If you’re running Hotshot-XL yourself, you are going to be able to have a lot more flexibility/control with the model. As a very simple example, you’ll be able to change the sampler. We’ve seen best results with Euler-A so far, but you may find interesting results with some other ones.
pip install virtualenv --upgrade
virtualenv -p $(which python3) venv
source venv/bin/activate
pip install -r requirements.txt
# Make sure you have git-lfs installed (https://git-lfs.com)
git lfs install
git clone https://huggingface.co/hotshotco/Hotshot-XL
or visit https://huggingface.co/hotshotco/Hotshot-XL
- Note: To maximize data and training efficiency, Hotshot-XL was trained at various aspect ratios around 512x512 resolution. For best results with the base Hotshot-XL model, we recommend using it with an SDXL model that has been fine-tuned with images around the 512x512 resolution. You can download an SDXL model we trained with images at 512x512 resolution below, or bring your own SDXL base model.
# Make sure you have git-lfs installed (https://git-lfs.com)
git lfs install
git clone https://huggingface.co/hotshotco/SDXL-512
or visit https://huggingface.co/hotshotco/SDXL-512
python inference.py \
--prompt="a bulldog in the captains chair of a spaceship, hd, high quality" \
--output="output.gif"
What to Expect:
Prompt | Sasquatch scuba diving | a camel smoking a cigarette | Ronald McDonald sitting at a vanity mirror putting on lipstick | drake licking his lips and staring through a window at a cupcake |
---|---|---|---|---|
Output |
python inference.py \
--prompt="a bulldog in the captains chair of a spaceship, hd, high quality" \
--output="output.gif" \
--spatial_unet_base="path/to/stabilityai/stable-diffusion-xl-base-1.0/unet" \
--lora="path/to/lora"
What to Expect:
Note: The outputs below use the DDIMScheduler.

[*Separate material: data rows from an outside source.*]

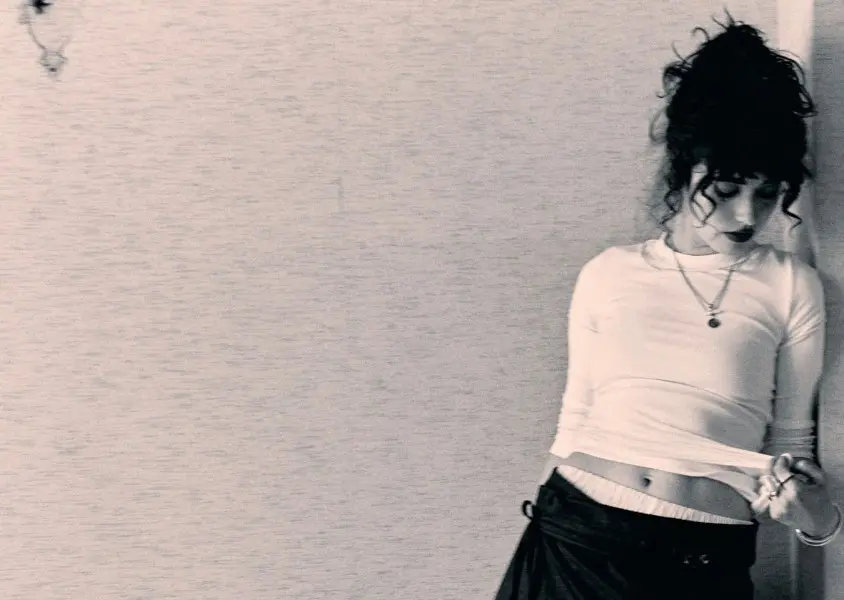 Asha Banks leaning against a wall wearing a white long sleeve top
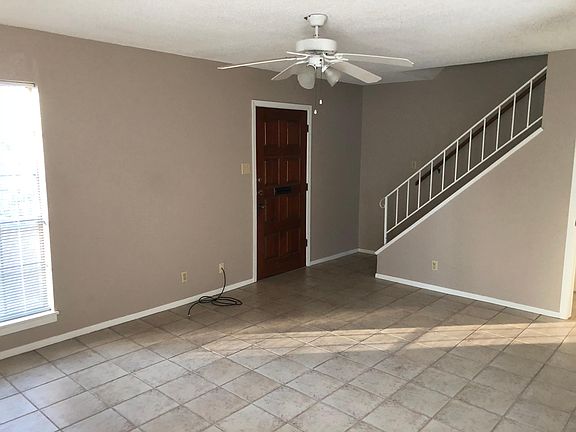 Front door, and stairway to bedrooms upstairs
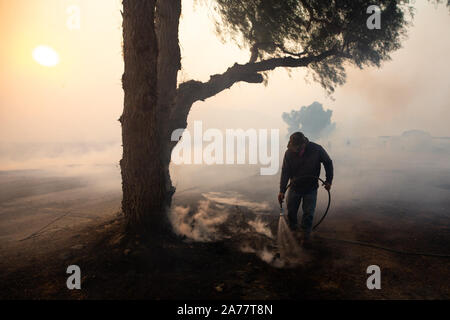 Simi Valley, California, USA. 30th Oct, 2019. A resident tries to remove hidden fire near houses in Simi Valley, the United States, Oct. 30, 2019. An aggressive wildfire erupted Wednesday morning on the hillsides above Simi Valley, triggering a new round of evacuation in Southern California. The blaze, dubbed Easy Fire, was first reported around 6:15 a.m. local time, then spread to about 972 acres as of 9 a.m., Ventura County fire Capt. Brian McGrath told local KTLA news channel. Credit: Xinhua/Alamy Live News Stock Photo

Prompt | sks person screaming at a capri sun | sks person kissing kermit the frog | sks person wearing a tuxedo holding up a glass of champagne, fireworks in background, hd, high quality, 4K |
---|---|---|---|
Output |
python inference.py \
--prompt="a girl jumping up and down and pumping her fist, hd, high quality" \
--output="output.gif" \
--control_type="depth" \
--gif="https://media1.giphy.com/media/v1.Y2lkPTc5MGI3NjExbXNneXJicG1mOHJ2dzQ2Y2JteDY1ZWlrdjNjMjl3ZWxyeWFxY2EzdyZlcD12MV9pbnRlcm5hbF9naWZfYnlfaWQmY3Q9Zw/YOTAoXBgMCmFeQQzuZ/giphy.gif"
By default, Hotshot-XL will create key frames from your source gif using 8 equally spaced frames and crop the keyframes to the default aspect ratio. For finer grained control, learn how to vary aspect ratios and vary frame rates/lengths.
Hotshot-XL currently supports the use of one ControlNet model at a time; supporting Multi-ControlNet would be exciting.
What to Expect:
- Note: The base SDXL model is trained to best create images around 1024x1024 resolution. To maximize data and training efficiency, Hotshot-XL was trained at aspect ratios around 512x512 resolution. Please see Additional Notes for a list of aspect ratios the base Hotshot-XL model was trained with.
Like SDXL, Hotshot-XL was trained at various aspect ratios with aspect ratio bucketing, and includes support for SDXL parameters like target-size and original-size. This means you can create GIFs at several different aspect ratios and resolutions, just with the base Hotshot-XL model.
python inference.py \
--prompt="a bulldog in the captains chair of a spaceship, hd, high quality" \
--output="output.gif" \
--width=<WIDTH> \
--height=<HEIGHT>
What to Expect:
512x512 | 672x384 | 384x672 | |
---|---|---|---|
a monkey playing guitar, nature footage, hd, high quality |
By default, Hotshot-XL is trained to generate GIFs that are 1 second long with 8FPS. If you'd like to play with generating GIFs with varying frame rates and time lengths, you can try out the parameters video_length
and video_duration
.
video_length
sets the number of frames. The default value is 8.
video_duration
sets the runtime of the output gif in milliseconds. The default value is 1000.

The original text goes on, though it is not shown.